Esa misma noche, con la sangre todavía fresca en la acera frente a la feria del agricultor de Pavas, los aficionados a las competencias ilegales (“picones”) hicieron fiesta a lo largo y ancho de la calle. Pasaron alegres frente al lugar de la tragedia y, como de costumbre, crearon graves riesgos para vidas y haciendas, sin contar el menosprecio a la tranquilidad de los vecinos, hartos de ser testigos cotidianos del abuso.
Para los delincuentes del volante, no hay luto ni vergüenza; mucho menos, respeto a la ley o consideración al prójimo. Existe tan solo el deseo de “jugar” en un país donde nada impide hacerlo con la autoridad, y los impuestos no garantizan a la ciudadanía el mínimo de seguridad necesario para transitar sin sobresaltos por la acera.
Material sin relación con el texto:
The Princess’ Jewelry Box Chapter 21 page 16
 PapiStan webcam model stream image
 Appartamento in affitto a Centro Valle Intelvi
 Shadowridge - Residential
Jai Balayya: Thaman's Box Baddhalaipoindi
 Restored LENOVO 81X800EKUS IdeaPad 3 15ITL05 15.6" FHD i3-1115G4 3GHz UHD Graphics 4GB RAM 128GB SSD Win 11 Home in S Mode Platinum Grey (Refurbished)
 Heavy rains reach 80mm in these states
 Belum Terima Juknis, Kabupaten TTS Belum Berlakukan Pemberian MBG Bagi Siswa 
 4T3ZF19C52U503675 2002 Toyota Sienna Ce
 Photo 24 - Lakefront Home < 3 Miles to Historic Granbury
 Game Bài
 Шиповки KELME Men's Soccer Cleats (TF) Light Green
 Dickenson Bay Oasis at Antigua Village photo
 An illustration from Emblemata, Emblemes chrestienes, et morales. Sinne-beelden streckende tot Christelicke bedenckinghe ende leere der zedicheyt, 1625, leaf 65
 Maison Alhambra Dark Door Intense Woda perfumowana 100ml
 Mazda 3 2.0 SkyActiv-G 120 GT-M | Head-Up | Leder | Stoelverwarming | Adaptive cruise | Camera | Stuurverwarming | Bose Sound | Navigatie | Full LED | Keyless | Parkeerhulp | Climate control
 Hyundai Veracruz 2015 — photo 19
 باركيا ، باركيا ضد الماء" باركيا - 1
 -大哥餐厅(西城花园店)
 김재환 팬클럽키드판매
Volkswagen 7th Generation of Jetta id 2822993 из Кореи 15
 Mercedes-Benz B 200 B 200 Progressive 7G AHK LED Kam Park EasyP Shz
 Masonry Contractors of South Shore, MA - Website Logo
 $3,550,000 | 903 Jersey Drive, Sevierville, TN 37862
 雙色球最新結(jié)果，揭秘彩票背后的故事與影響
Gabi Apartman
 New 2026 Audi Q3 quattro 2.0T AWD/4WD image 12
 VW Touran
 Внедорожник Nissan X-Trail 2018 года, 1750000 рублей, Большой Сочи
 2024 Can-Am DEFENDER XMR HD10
Nadie hace nada. Ni los encargados del tránsito exploran formas de poner fin a los abusos, ni los diputados los entrevistan para saber si es necesario remozar la ley, ni el Ejecutivo se preocupa por entender cómo, en la Administración pasada, se lograron algunos buenos resultados.
Al contraste entre los irresponsables dedicados a jugar con la vida ajena y las víctimas del atropello debería añadirse la indignación de todos, ciudadanos y autoridades. Los primeros tienen tiempo y dinero para “jugar” hasta las cinco y media de la mañana con sus carritos alterados. El fallecido es un hombre de 81 años que, a la misma hora, ya había hecho el viaje desde El Tejar de El Guarco, Cartago, para vender a los visitantes de la feria las bolsas que su familia fabrica con yute o mecate. La herida, vecina de La Aurora de Alajuelita, vende ajos y, antes de la hora del accidente, ya había pasado por el centro de San José para recoger su mercancía. Ambos acababan de descender de un autobús, a 25 metros de donde se produciría el fatal hecho.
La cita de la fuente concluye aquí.